» TASK DESCRIPTION:
Return only the lines starting at the line that contains "Cincinnati Reds New" and ending with the final line of the listing; include both endpoints.

********************

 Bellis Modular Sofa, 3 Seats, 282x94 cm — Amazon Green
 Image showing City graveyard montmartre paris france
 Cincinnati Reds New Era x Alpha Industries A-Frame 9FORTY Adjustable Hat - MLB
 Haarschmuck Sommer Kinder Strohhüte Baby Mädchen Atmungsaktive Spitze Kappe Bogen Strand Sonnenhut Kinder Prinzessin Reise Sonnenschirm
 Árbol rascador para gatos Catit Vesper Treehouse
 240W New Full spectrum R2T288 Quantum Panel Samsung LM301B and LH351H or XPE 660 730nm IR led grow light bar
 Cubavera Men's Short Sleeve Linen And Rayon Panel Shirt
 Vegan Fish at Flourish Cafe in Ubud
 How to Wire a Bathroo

********************

» TASK ANSWER:
 Cincinnati Reds New Era x Alpha Industries A-Frame 9FORTY Adjustable Hat - MLB
 Haarschmuck Sommer Kinder Strohhüte Baby Mädchen Atmungsaktive Spitze Kappe Bogen Strand Sonnenhut Kinder Prinzessin Reise Sonnenschirm
 Árbol rascador para gatos Catit Vesper Treehouse
 240W New Full spectrum R2T288 Quantum Panel Samsung LM301B and LH351H or XPE 660 730nm IR led grow light bar
 Cubavera Men's Short Sleeve Linen And Rayon Panel Shirt
 Vegan Fish at Flourish Cafe in Ubud
 How to Wire a Bathroo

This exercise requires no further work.